Stan was back on the road a short while later. He was only eight years retired from the local detachment, despite what it had meant for his pension. At one time he’d known every street in town. He turned off the highway and five minutes later he passed the drive-in again. His headlights caught the same car he’d seen earlier.

Stan drove by. Then he pulled off to the side of the road. Gravel snarled against the underside of his truck as he moved from the hardtop to the shoulder. He brought the vehicle to a stop and sat holding the steering wheel. Then he got out of the truck and took out a D-cell flashlight that he kept under the seat. He didn’t turn it on just yet. There was enough light from the stars and the moon to bring everything out in halftones. He walked into the drive-in lot.

The silhouette of the car resolved itself. Stan looked to see whether it was rocking and he listened for the creaking of springs. He sniffed the air for dope smoke. This would be better, he thought, if Cassius was with him.

He turned on the flashlight, at first pointing it at the ground. He waited for something to happen and when nothing did he brought the flashlight up and shone it on the windshield. He moved the light along the side of the car.

One of the back windows was rolled down a few inches. The space at the top had been stuffed with a towel. Stan could see a garden hose tucked through. The hose was looped down through the wheel well and around to the rear of the car. He moved up.

The flashlight cast a yellow glow into the back seat. The girl’s face was slack, dismayed. Her eyes were marbled.

Stan stepped backward. He looked at the dark shapes of the drive-in, black against the stars and the frame of the old screen. When he looked again he knew who she was. Her name was Judy Lacroix. Recognition was a hand pulling at his shirt sleeve.

Not that he’d ever forgotten it, how it was his arrest and testimony that had hanged the dead girl’s uncle.

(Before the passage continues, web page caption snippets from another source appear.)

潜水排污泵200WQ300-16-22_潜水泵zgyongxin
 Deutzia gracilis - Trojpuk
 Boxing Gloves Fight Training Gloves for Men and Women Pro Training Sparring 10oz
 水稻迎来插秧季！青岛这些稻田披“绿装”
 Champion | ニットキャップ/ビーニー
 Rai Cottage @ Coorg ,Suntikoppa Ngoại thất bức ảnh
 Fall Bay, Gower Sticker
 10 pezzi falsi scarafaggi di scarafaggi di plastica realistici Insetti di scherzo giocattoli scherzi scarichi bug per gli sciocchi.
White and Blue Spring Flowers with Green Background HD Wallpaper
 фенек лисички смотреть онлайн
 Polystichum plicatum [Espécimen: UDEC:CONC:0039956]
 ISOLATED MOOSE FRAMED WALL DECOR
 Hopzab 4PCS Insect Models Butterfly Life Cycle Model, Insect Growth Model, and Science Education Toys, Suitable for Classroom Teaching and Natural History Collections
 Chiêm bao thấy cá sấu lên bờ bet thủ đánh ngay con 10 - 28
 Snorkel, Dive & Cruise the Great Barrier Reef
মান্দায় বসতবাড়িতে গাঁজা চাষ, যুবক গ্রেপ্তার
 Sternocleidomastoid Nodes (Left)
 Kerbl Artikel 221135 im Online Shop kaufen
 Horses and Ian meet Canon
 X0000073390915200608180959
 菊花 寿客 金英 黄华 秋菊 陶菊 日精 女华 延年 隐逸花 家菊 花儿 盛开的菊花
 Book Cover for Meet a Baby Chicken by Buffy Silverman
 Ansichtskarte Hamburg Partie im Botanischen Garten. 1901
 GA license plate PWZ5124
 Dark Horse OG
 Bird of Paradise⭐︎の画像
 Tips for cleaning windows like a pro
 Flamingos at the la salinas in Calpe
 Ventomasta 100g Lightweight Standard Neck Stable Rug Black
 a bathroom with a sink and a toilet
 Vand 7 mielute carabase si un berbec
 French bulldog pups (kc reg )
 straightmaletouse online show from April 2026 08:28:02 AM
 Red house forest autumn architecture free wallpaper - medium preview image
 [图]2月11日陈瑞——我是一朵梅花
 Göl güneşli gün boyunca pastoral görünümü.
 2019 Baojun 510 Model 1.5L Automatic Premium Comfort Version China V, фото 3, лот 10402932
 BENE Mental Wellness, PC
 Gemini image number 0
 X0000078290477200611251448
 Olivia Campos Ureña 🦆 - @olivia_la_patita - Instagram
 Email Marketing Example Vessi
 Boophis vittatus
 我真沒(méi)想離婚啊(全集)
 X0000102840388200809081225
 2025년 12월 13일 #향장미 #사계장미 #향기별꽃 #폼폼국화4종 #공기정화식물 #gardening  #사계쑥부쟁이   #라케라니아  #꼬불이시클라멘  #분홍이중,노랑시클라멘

At six o’clock in the morning on Thursday, Lee went into a diner called the Owl Cafe, a block away from his apartment. He took a stool at the counter. He was wearing his new work boots, carrying his new tool belt. These he’d purchased the day before. He’d also purchased a measuring tape and a hammer and a retractable knife and a small collection of pencils, which he’d carefully sharpened. He put the tool belt on the stool beside him. There was a colour television behind the counter playing a morning news broadcast. The picture was coming in and out. A waitress passing the set reached up and adjusted the antenna before she came over to Lee. Her face was warm and the name Helen was embroidered on her shirt. Her hips and breasts were round and full.

— Morning, hon.

— Morning yourself, said Lee.

— Anything catch your eye?

— You mean on the menu?

She grinned: Come on. You just got here.

He ordered eggs and home fries and extra bacon. She brought him a cup of coffee and then she moved away and passed his order through a wicket into a steaming kitchen. Lee lit a cigarette. Seated around him were a few other patrons. He didn’t think he recognized any of them. There were a couple of truckers and a nurse along the counter, and four old men in a booth. A man with long dark hair and sharp features, wearing a down-filled vest and sitting near the window, might have been studying Lee if he allowed himself to think so. Lee tapped his cigarette into an ashtray. He flexed his toes inside his new work boots.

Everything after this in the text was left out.